= Dataset content =
┌──

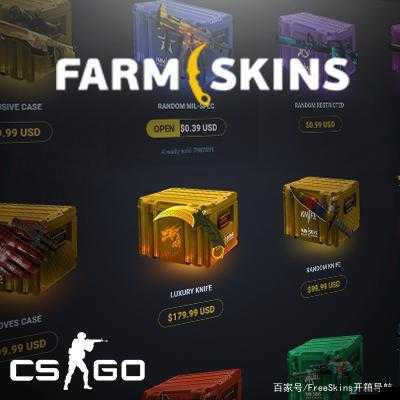 FARMSKINS 进不去：该如何解决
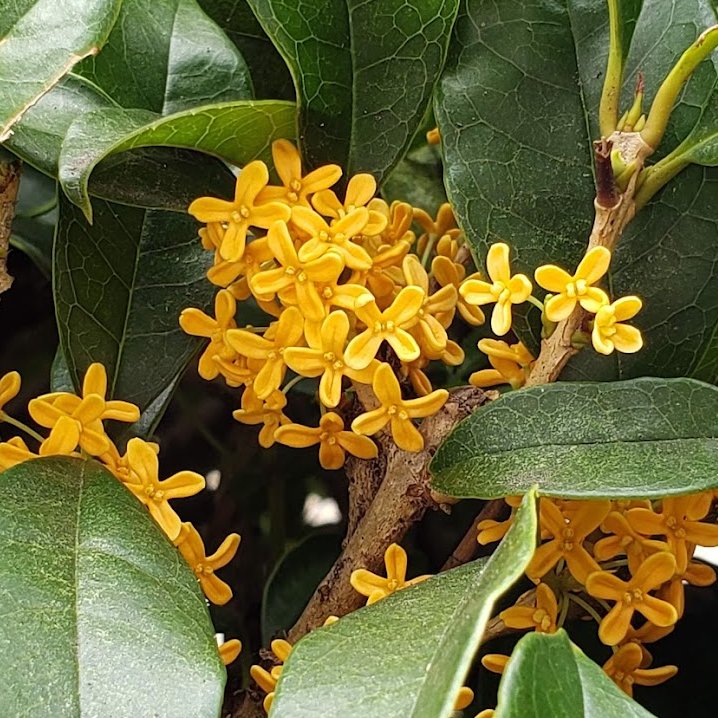 Hanayo4 ギンモクセイ 銀木犀 은목서 金木犀よりかなり控えめなやさしい香り T Co Ypenjroy6z Twitter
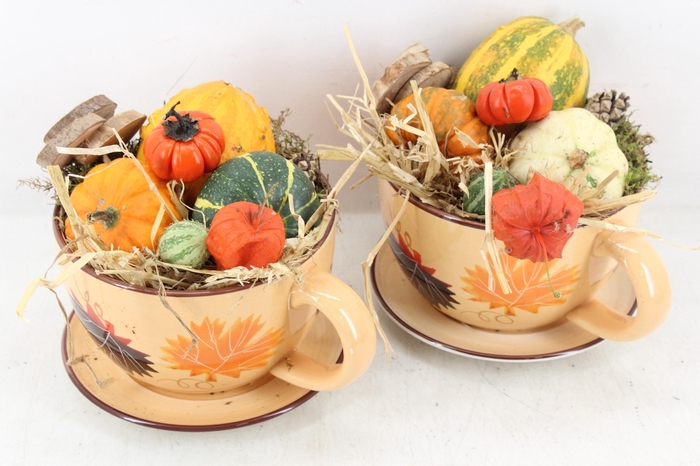 <h4>arr4 Sierfruit MB - Kop en schotel herfst</h4>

└──

= Work to complete =
Transcribe the material as is, with images omitted.

= Reply =
 FARMSKINS 进不去：该如何解决
 Hanayo4 ギンモクセイ 銀木犀 은목서 金木犀よりかなり控えめなやさしい香り T Co Ypenjroy6z Twitter
 <h4>arr4 Sierfruit MB - Kop en schotel herfst</h4>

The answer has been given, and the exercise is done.